━━ PROVIDED RECORDS ━━

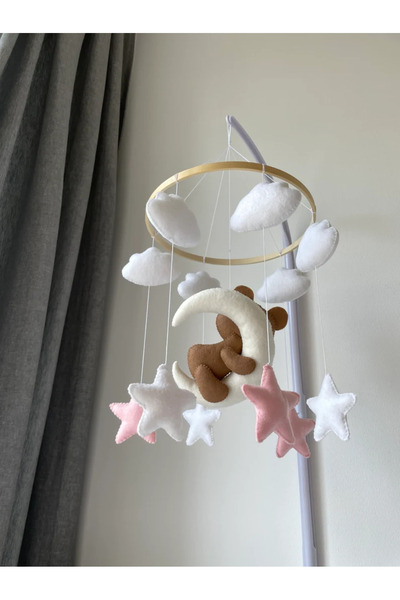 EFSBABY Bebek Beşiği Dönencesi Süsü  Eğitici Oyuncak Kahverengi Ayıcık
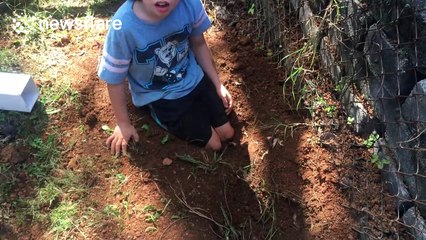 Kid gets stuck in hole and has to be dug out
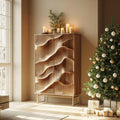 Spry Interior Rustic Wave Solid Wood Cabinet, Modern Sculpted Accent Sideboard & Living Room Storage Credenza, Model SINLSASC320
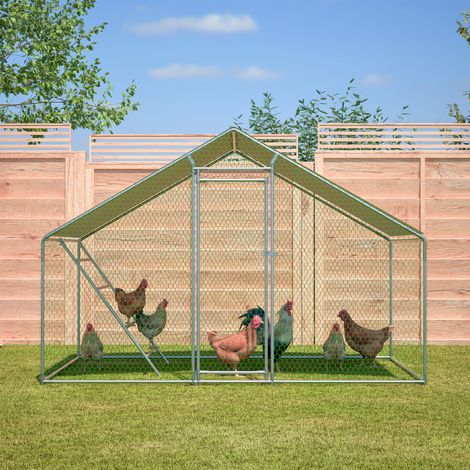 Poulailler 3x2 m avec échelle, serrure de sécurité, bâche imperméable anti-UV et tubes renforcés 1 mm, idéal pour poules, pigeons et canards (1/5)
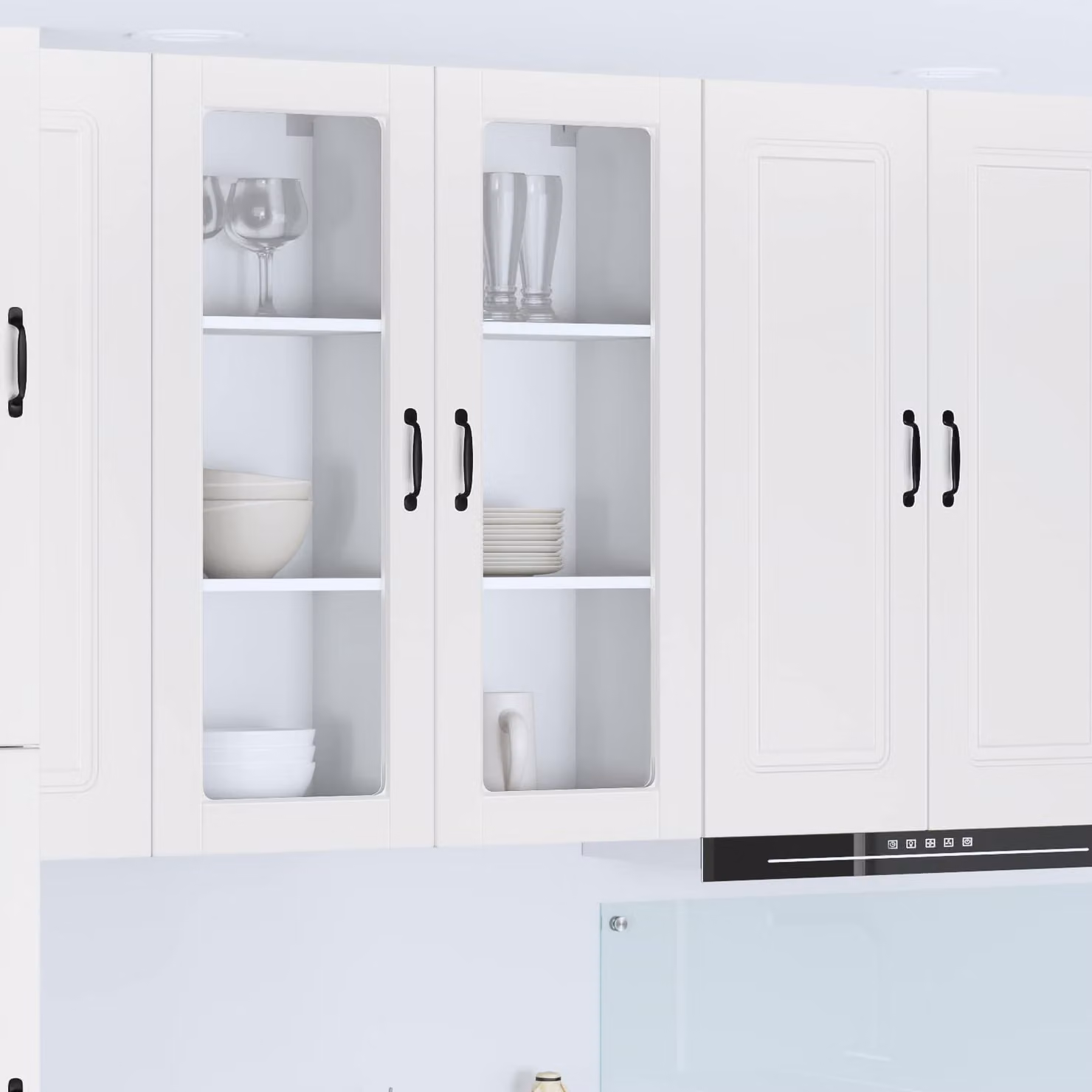 Mobile da parete PORTO vidaXL in MDF e vetro, Bianco, L 40 cm x P 31 cm x H 100 cm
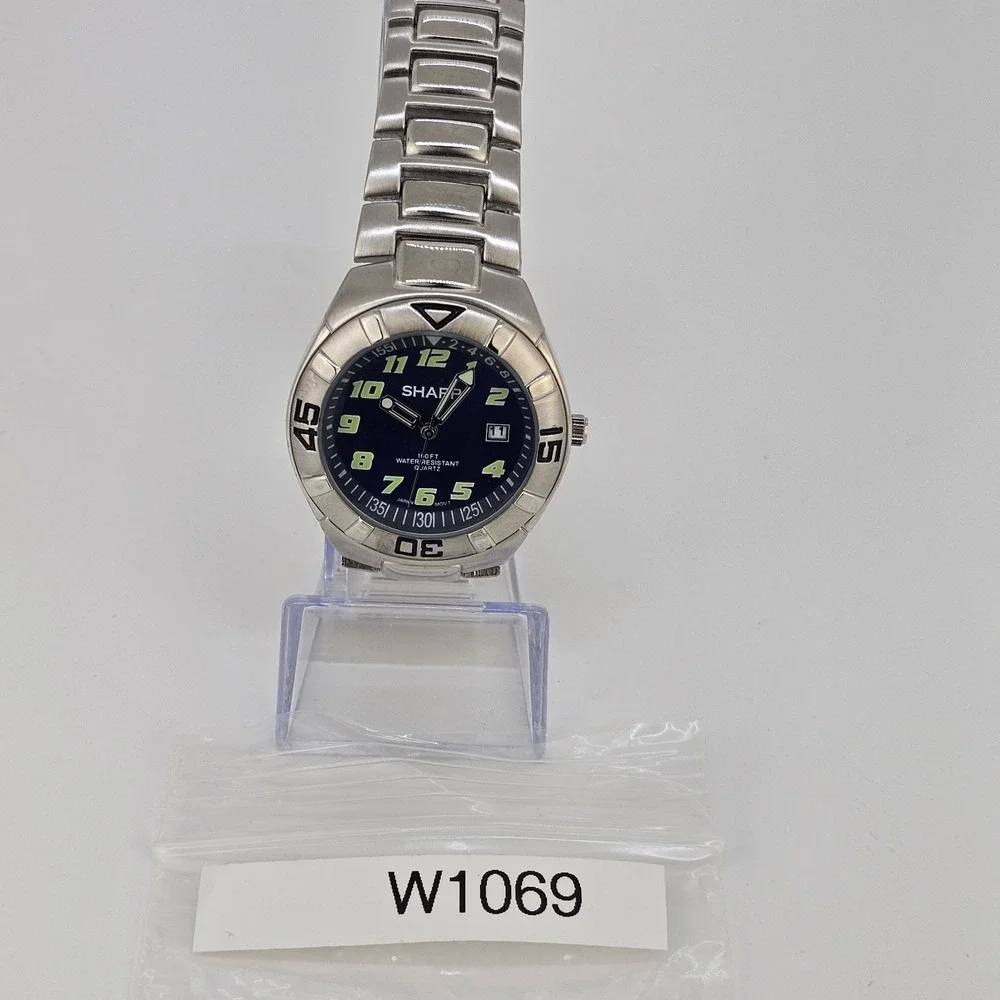 Sharp Analog Men's Watch 40MM Blue Dial Date Gray Bracelet Band 7.5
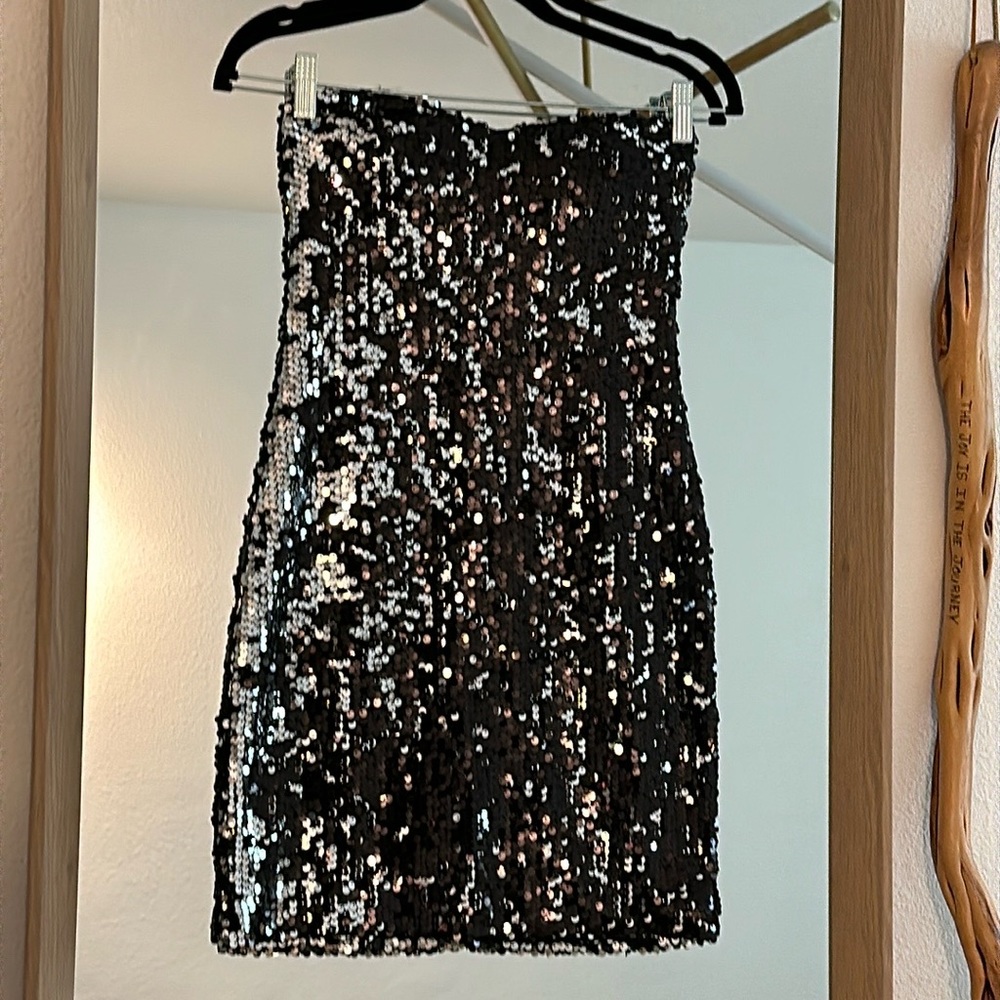 As you wish small strapless sequins dress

━━━

**EXERCISE:** Every line of the material is to be quoted exactly, with no pictures carried over.

**EXERCISE SOLUTION:**
 EFSBABY Bebek Beşiği Dönencesi Süsü  Eğitici Oyuncak Kahverengi Ayıcık
 Kid gets stuck in hole and has to be dug out
 Spry Interior Rustic Wave Solid Wood Cabinet, Modern Sculpted Accent Sideboard & Living Room Storage Credenza, Model SINLSASC320
 Poulailler 3x2 m avec échelle, serrure de sécurité, bâche imperméable anti-UV et tubes renforcés 1 mm, idéal pour poules, pigeons et canards (1/5)
 Mobile da parete PORTO vidaXL in MDF e vetro, Bianco, L 40 cm x P 31 cm x H 100 cm
 Sharp Analog Men's Watch 40MM Blue Dial Date Gray Bracelet Band 7.5
 As you wish small strapless sequins dress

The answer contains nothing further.